To deal with the observed variety of faults, design for testability methods of several flavours were proposed. For instance, a simple technique to test for like-faults in ECL was devised by Menon (see Menon/Malaiya/Jayasumana 1996). The proposed technique uses a standard XOR gate to verify the complementary behaviour of the gate outputs. This technique introduces a very high area overhead (one test gate for every circuit gate), and it deals only with a very specific and not so frequent fault. Delay measurement techniques have been developed to test ECL-CMOS RAM macros (see K. Higeta et al., "A Soft Error-Immune 0.9 ns 1.15 Mb ECL-CMOS SRAM with 30 ps 120 k Logic Gates and Onchip Test Circuitry", IEEE 1995 Bipolar Circuits and Technology Meeting, pp. 47-50, 1995). Using ECL flip-flops on the inputs and outputs of the CMOS RAM macros and using a pattern generator to stimulate the memories, Higeta et al. measured the path delay within the macros in test clock cycles. This technique may be useful for CML circuits, however it cannot fully test for even obvious delay faults. Considering that each gate can have a modest variation in delay of 10% of nominal value, a tester evaluating a 10 gate deep chain could escape a faulty gate going twice slower than nominal, when all others have their nominal delay value. Also, an at-speed built-in self-test (BIST) circuit was proposed by Jorczyk et al. (see U. Jorczyk, W. Daehn, "Built-in self-test for high speed integrated circuits", SPIE, Vol. 2874, pp. 162-172, 1996) to test ECL integrated circuits, and it is shown that it yields a better defect detection than slow speed test. However, this technique requires significant design efforts and high area overhead.

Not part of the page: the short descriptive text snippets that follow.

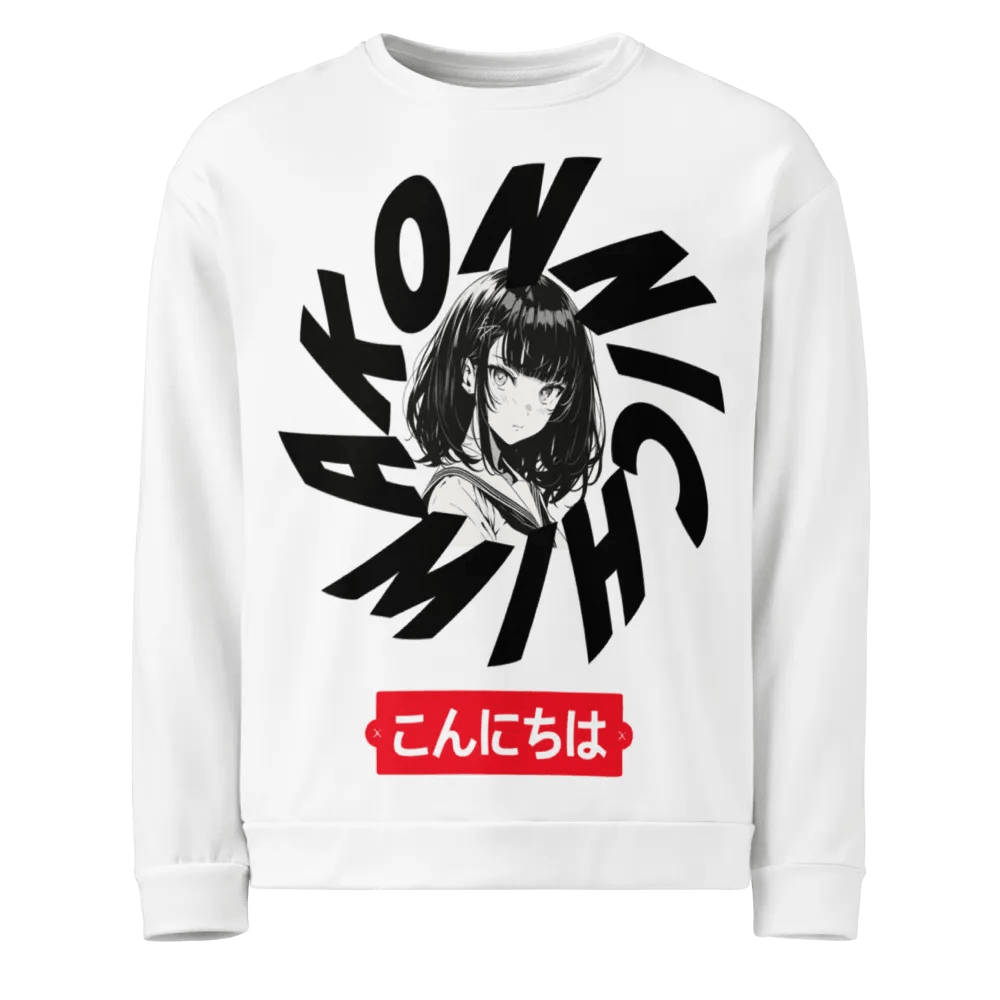 'Konnichiwa' Anime Unisex Sweatshirt product image (1)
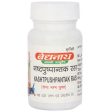 Baidyanath Jhansi Nashtpushpantak Ras Tablets on Sale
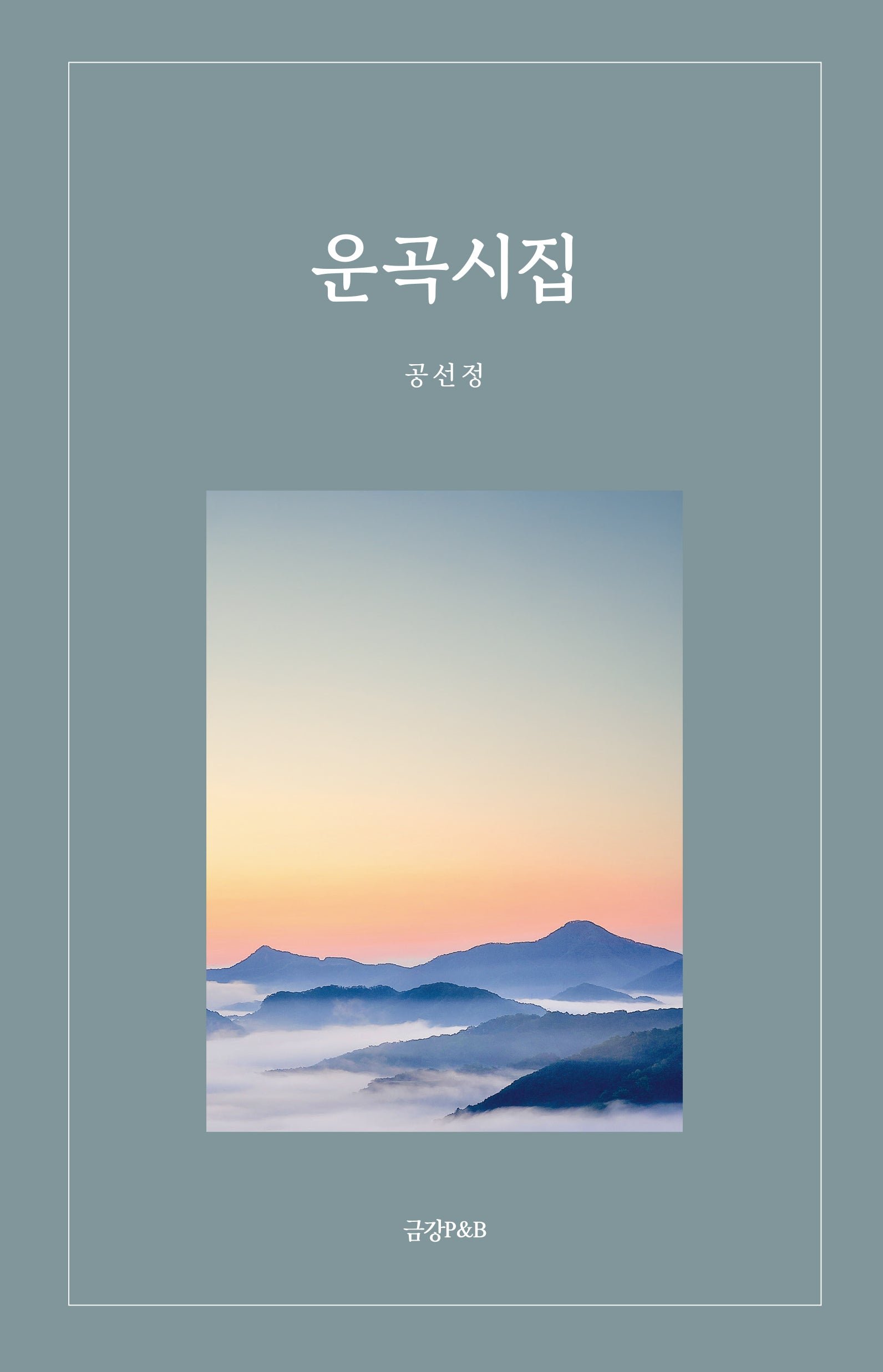 운곡시집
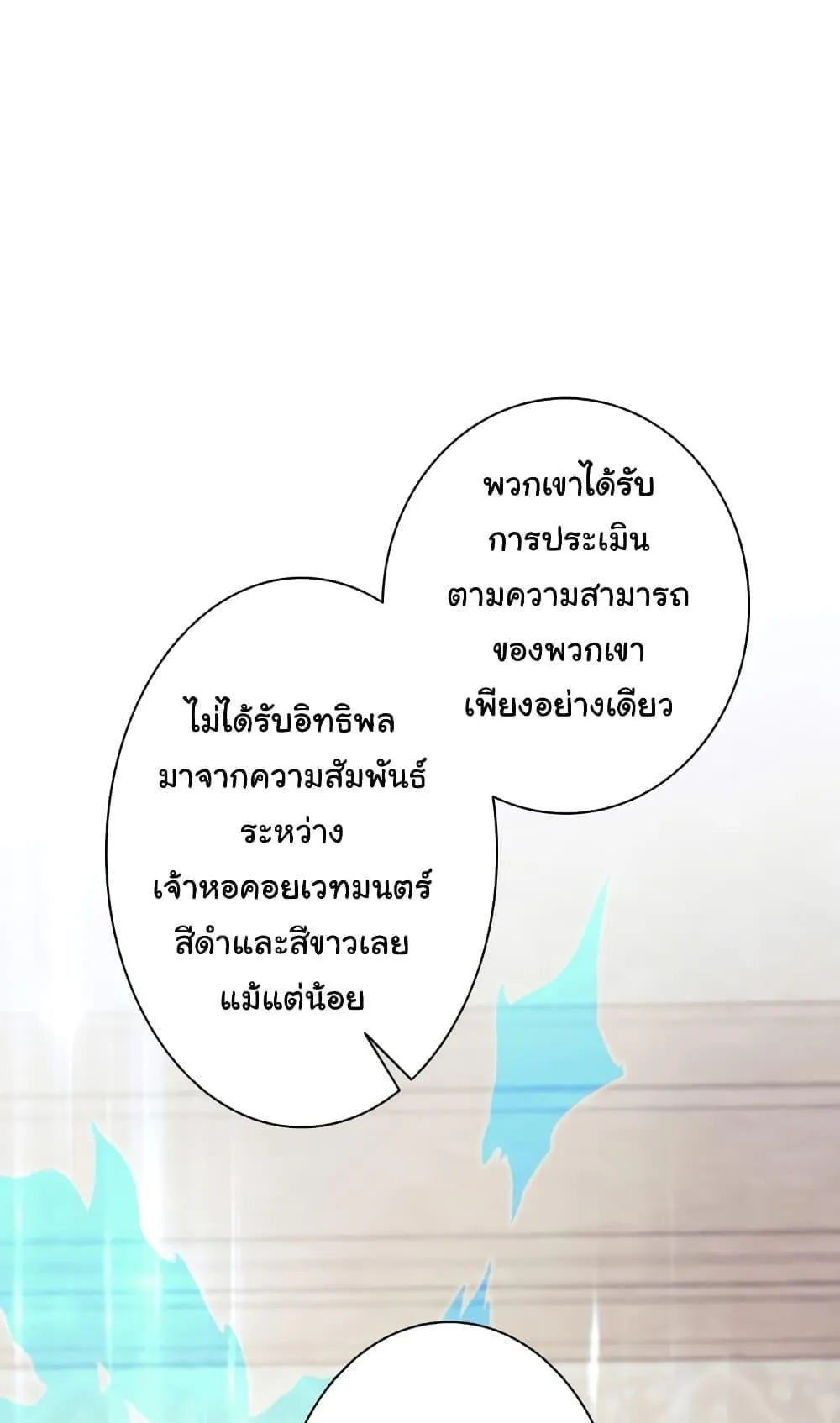 I Quit the Hero’s Party ตอนที่ 7 หน้า 76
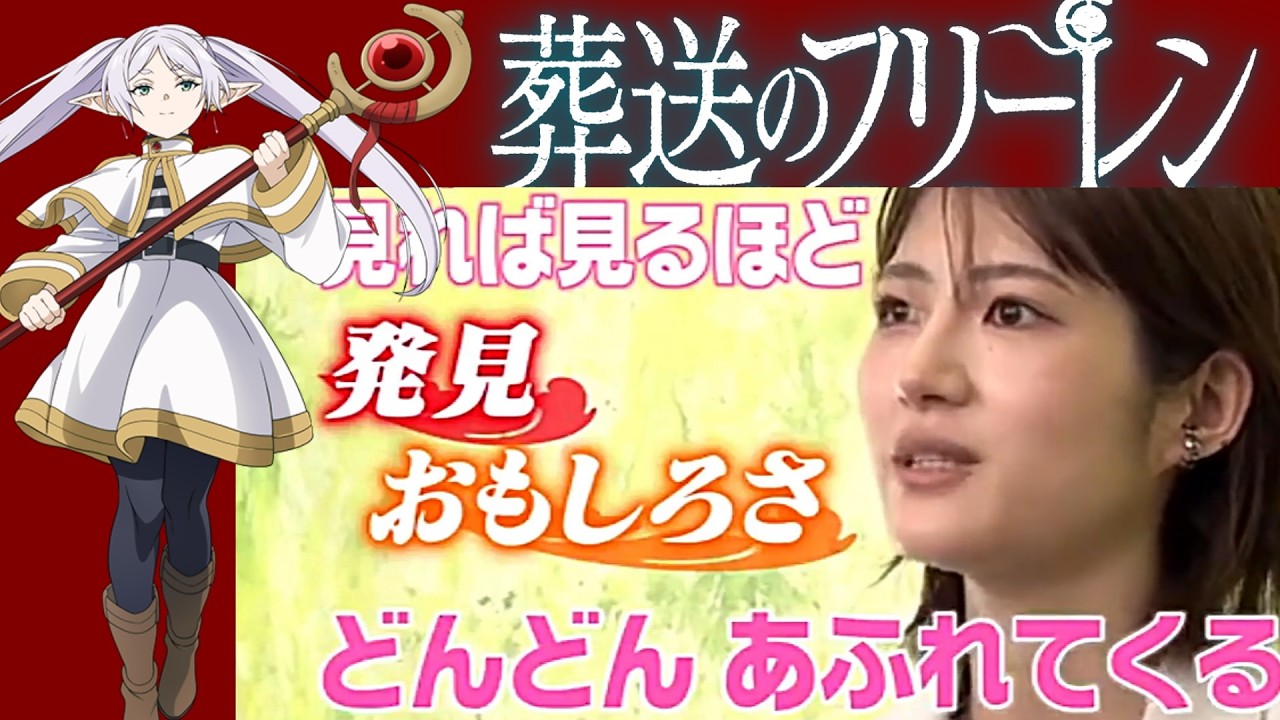 【葬送のフリーレン】名前の由来は？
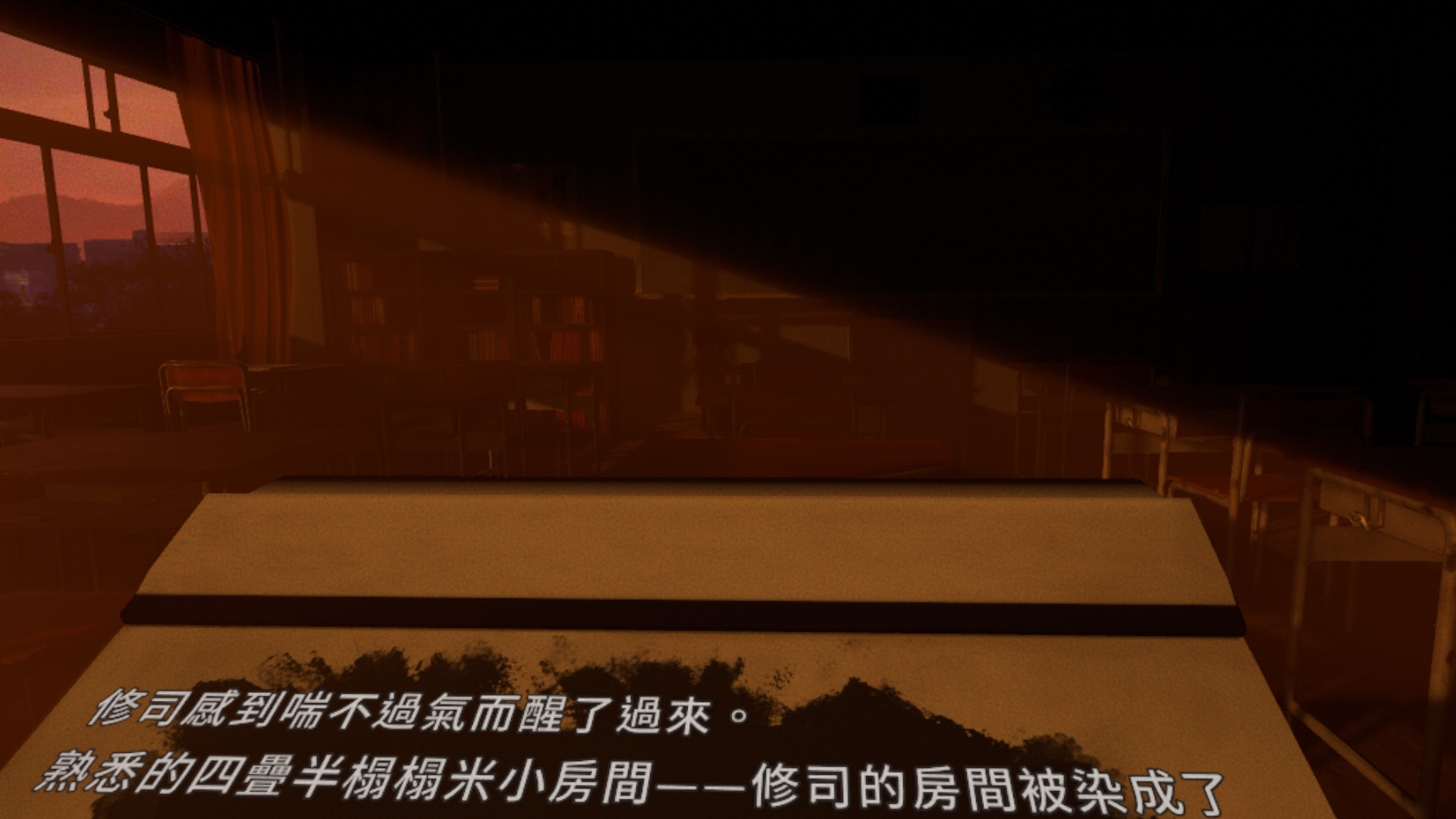夕鬼 零 Yuoni: Rises screenshot 3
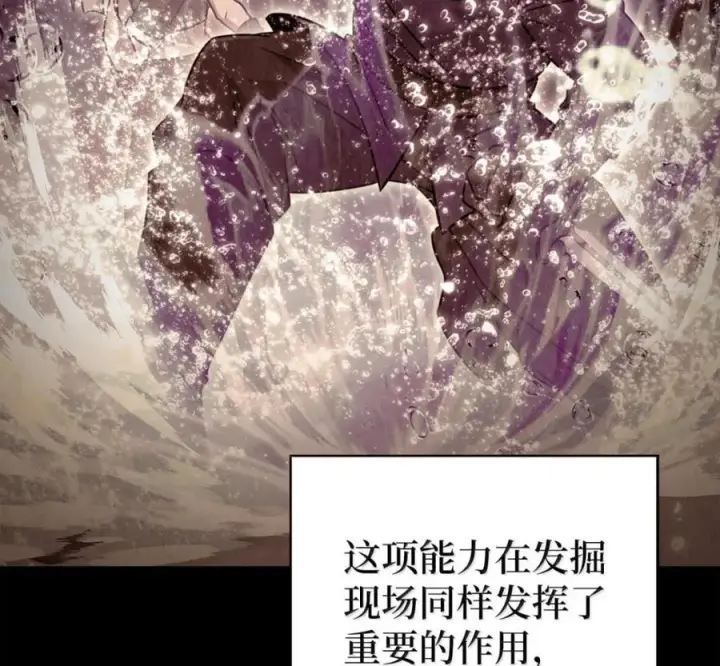《来自武林的外卖员》097 贯彻信念图50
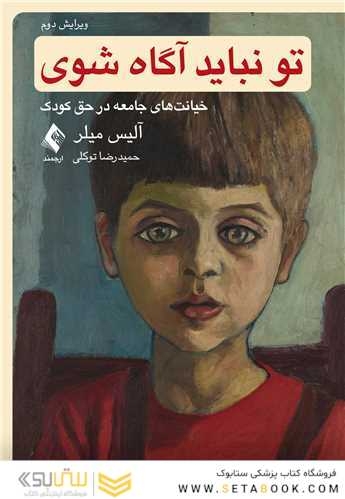 تو نباید آگاه شوی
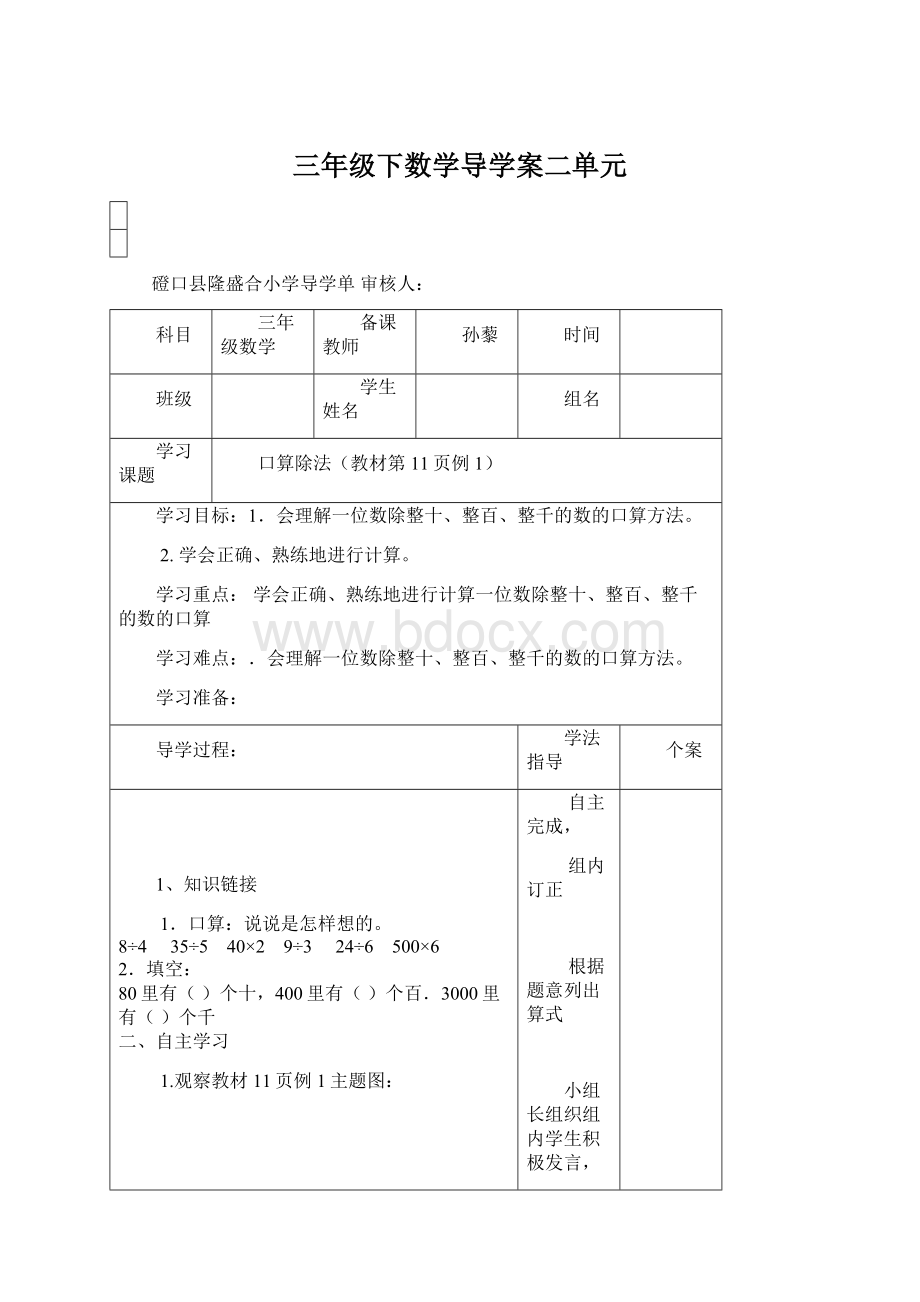 三年级下数学导学案二单元.docx_第1页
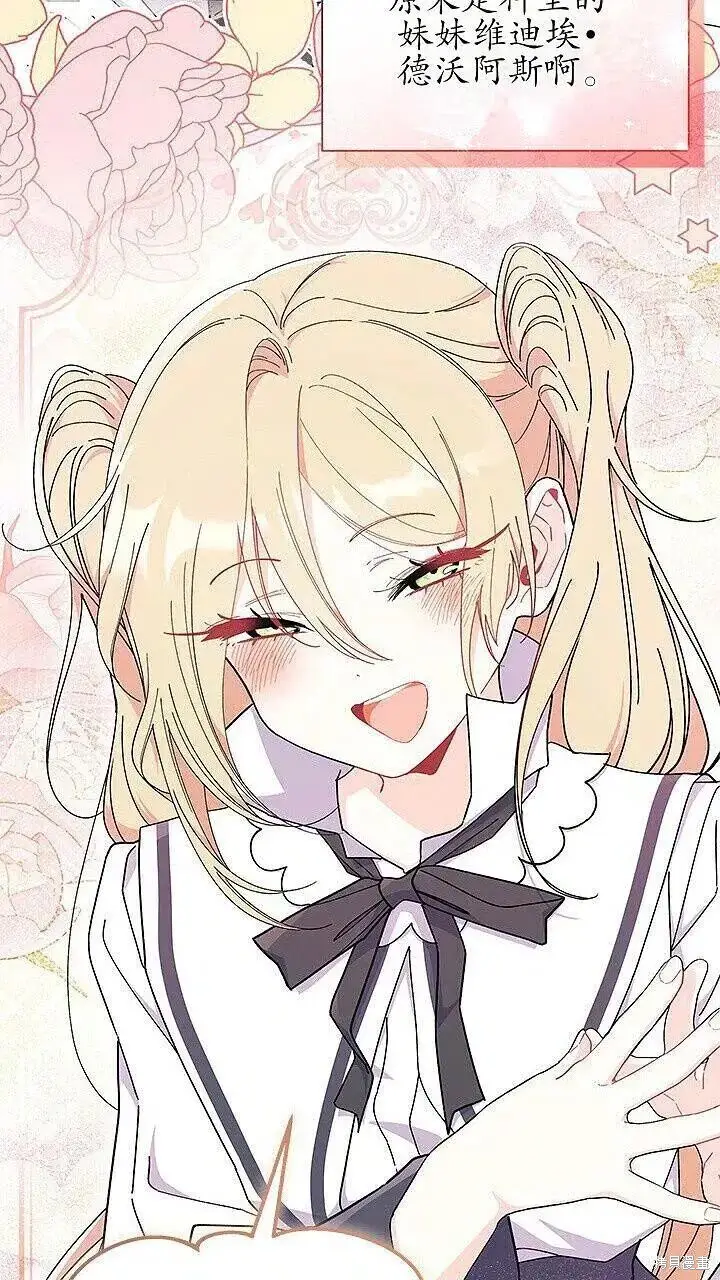 漫画《谢绝当鹊桥》第85话第8张图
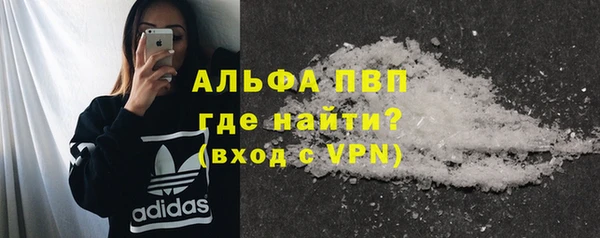 ECSTASY Иннополис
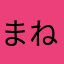 まねじー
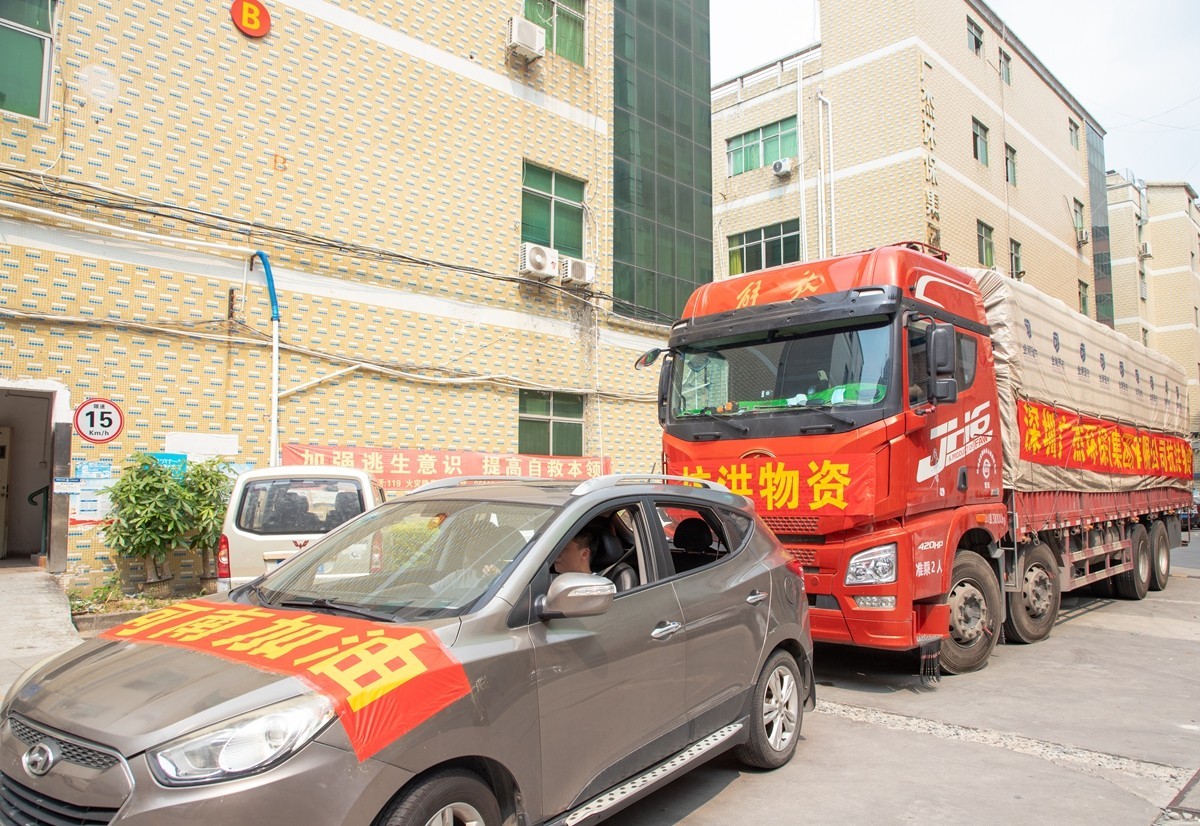 油煙凈化器，油煙凈化設(shè)備，油煙凈化機(jī)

To deal with the problem of reduced noise-margins and of fault symptoms healing, Anderson presents a technique that would stress a circuit enough to make the recovery impossible, forcing the fault to appear as stuck-at (see Anderson publication and U.S. Pat. No. 4,604,531 granted to Gersbach et al on Aug. 5, 1986). This technique uses two additional power lines in test mode to bias the differential stage of all gates one way or the other. Small devices are added to each gate to isolate the circuit from the additional lines in normal mode and to protect the circuit from unwanted noise and loading. U.S. Pat. No. 4,902,916 entitled "Identification of defects in emitter-coupled logic circuits" granted to Cecchi et al. on Feb. 20, 1990 discloses another technique oriented toward a specific fault that could not be observed easily. The cause of the fault had been pinpointed to a probable defect related to the contact layer. Through modification of the layout of standard cells, they are able to guarantee that any defect within this layer could only map into a stuck-at fault.